Content starts

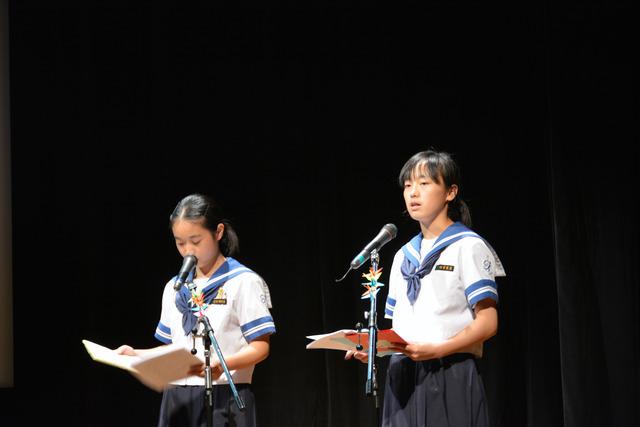 2人の女子学生が壇上で朗読をしている写真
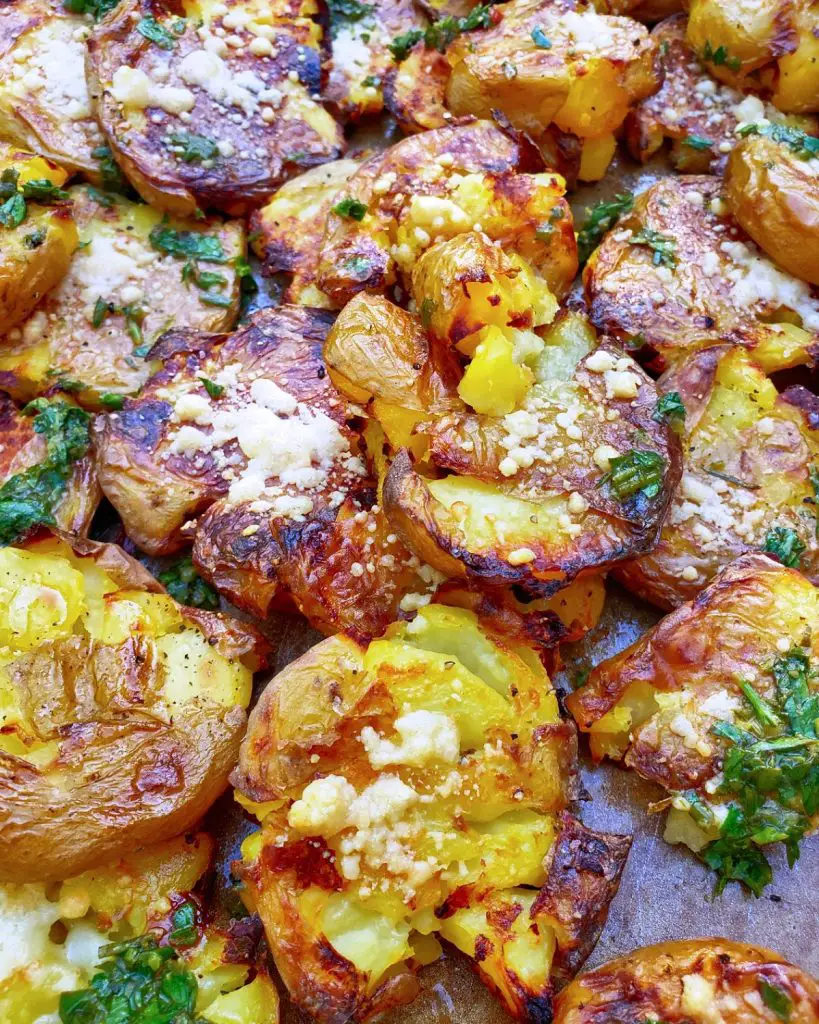 smashed roasted crispy baby potatoes with fresh herbs and parmesan cheese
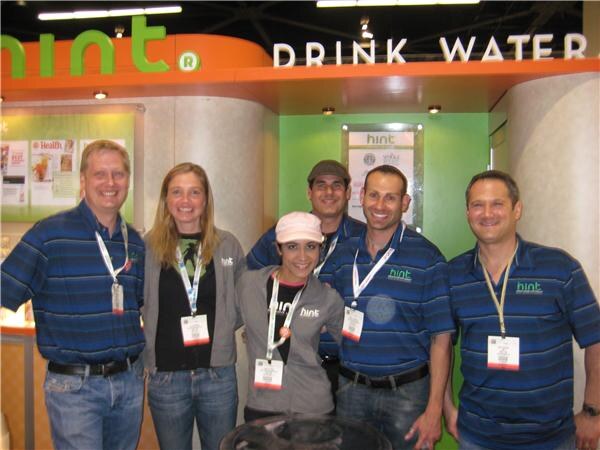 Five people in Hint shirts and badges pose together in front of the Hint Drink Water booth, which has a green and orange sign and wall panels.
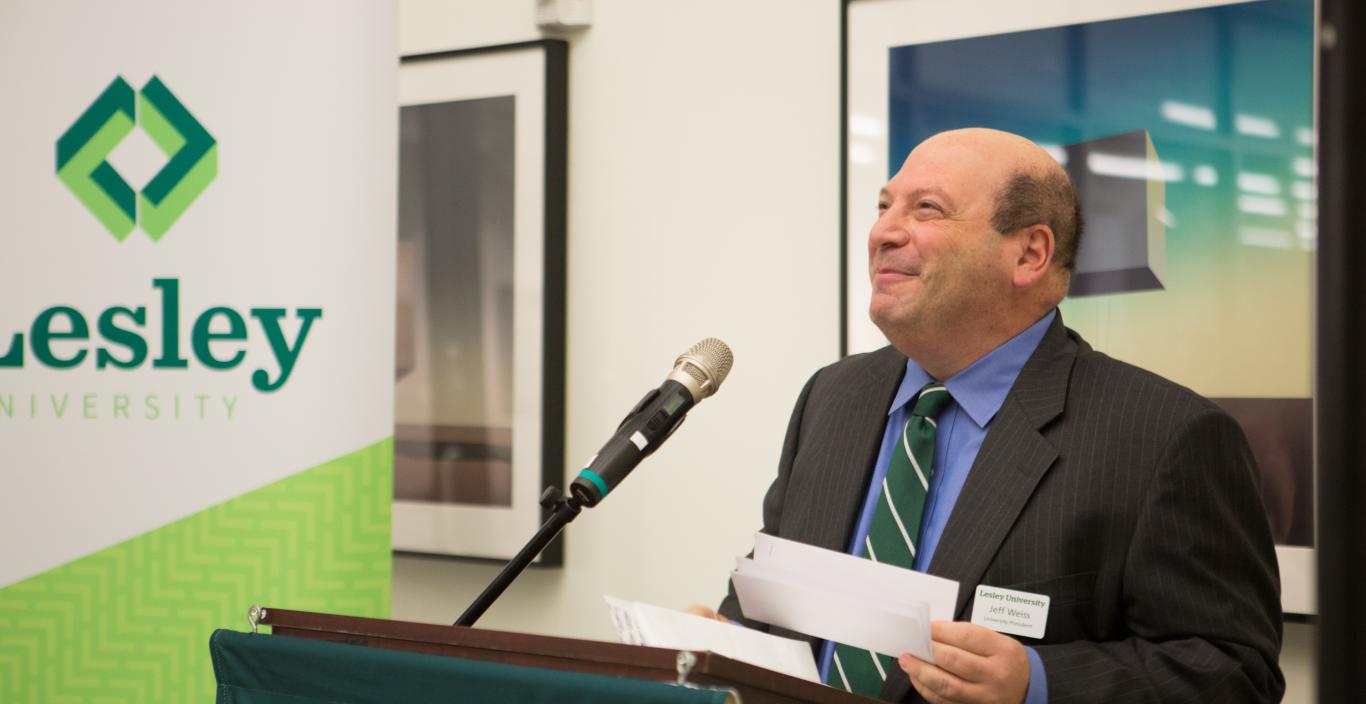 President Jeff Weiss at the podium at Lesley University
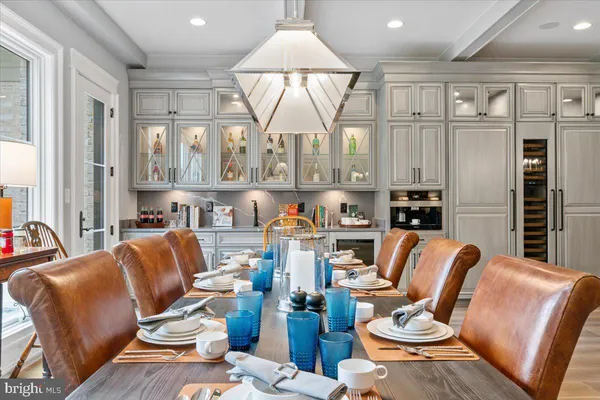 a living room with furniture a large window and chairs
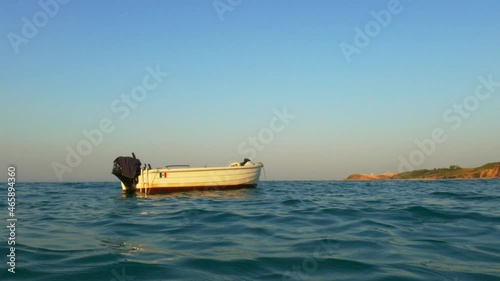Motorboat with no one on board fluctuates and swings in middle of sea. Low-angle pov photo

Content ends

What is being asked -
Restate the records in full and word for word, but keep the pictures out.

Written answer -
 2人の女子学生が壇上で朗読をしている写真
 smashed roasted crispy baby potatoes with fresh herbs and parmesan cheese
 Five people in Hint shirts and badges pose together in front of the Hint Drink Water booth, which has a green and orange sign and wall panels.
 President Jeff Weiss at the podium at Lesley University
 a living room with furniture a large window and chairs
Motorboat with no one on board fluctuates and swings in middle of sea. Low-angle pov photo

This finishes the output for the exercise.